- _Required action_
From the entries below, reproduce exactly the lines from the one with "- الصورة ⁦3⁩" through the one with "Energy Efficient Panda", both included, without images.

- _Records to process_
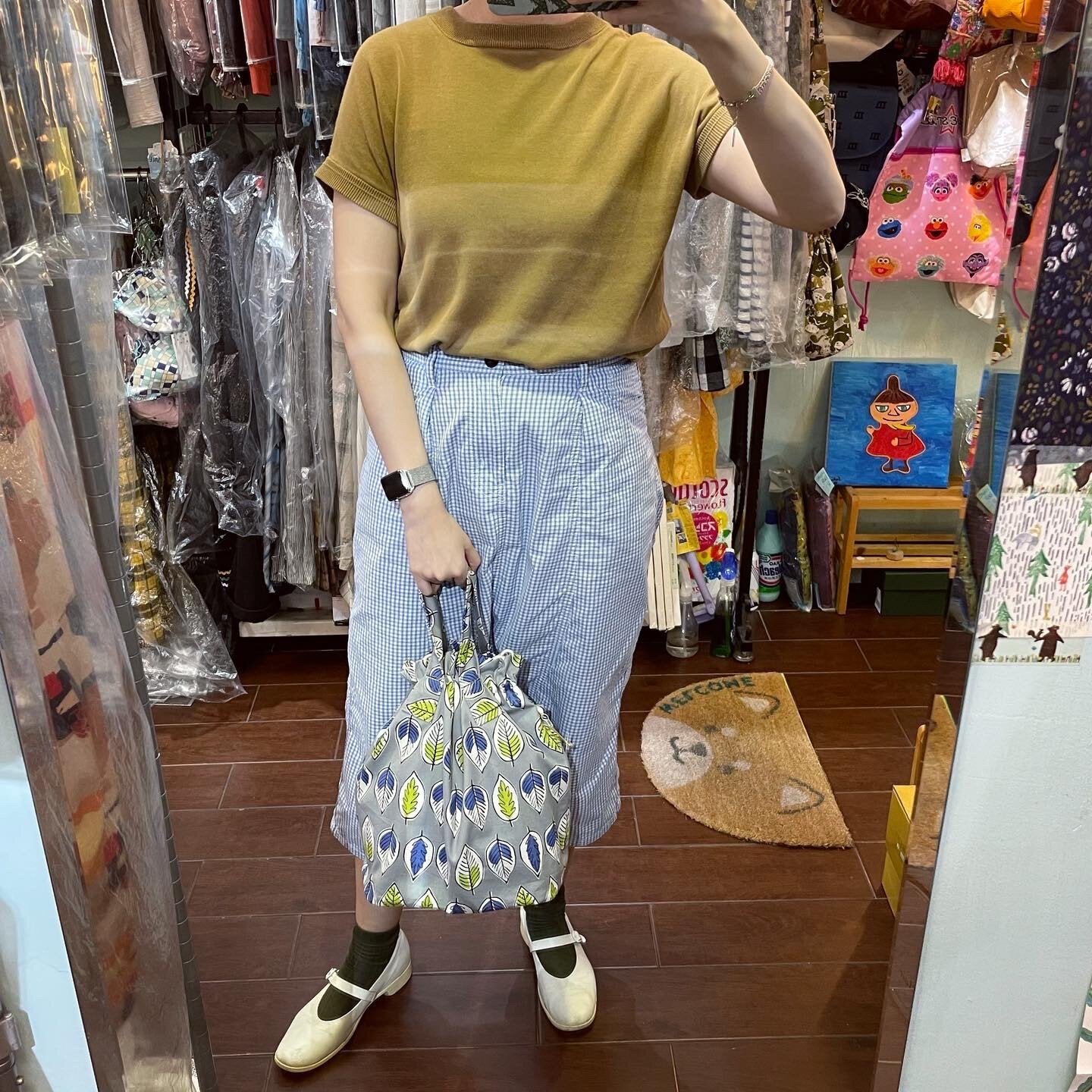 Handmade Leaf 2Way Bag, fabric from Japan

--

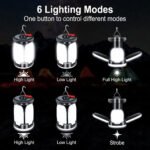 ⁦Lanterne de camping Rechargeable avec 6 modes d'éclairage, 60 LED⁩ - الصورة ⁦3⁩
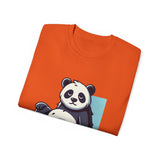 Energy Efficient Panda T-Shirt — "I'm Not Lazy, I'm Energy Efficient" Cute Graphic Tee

- _Answer to this problem_
 ⁦Lanterne de camping Rechargeable avec 6 modes d'éclairage, 60 LED⁩ - الصورة ⁦3⁩
 Energy Efficient Panda T-Shirt — "I'm Not Lazy, I'm Energy Efficient" Cute Graphic Tee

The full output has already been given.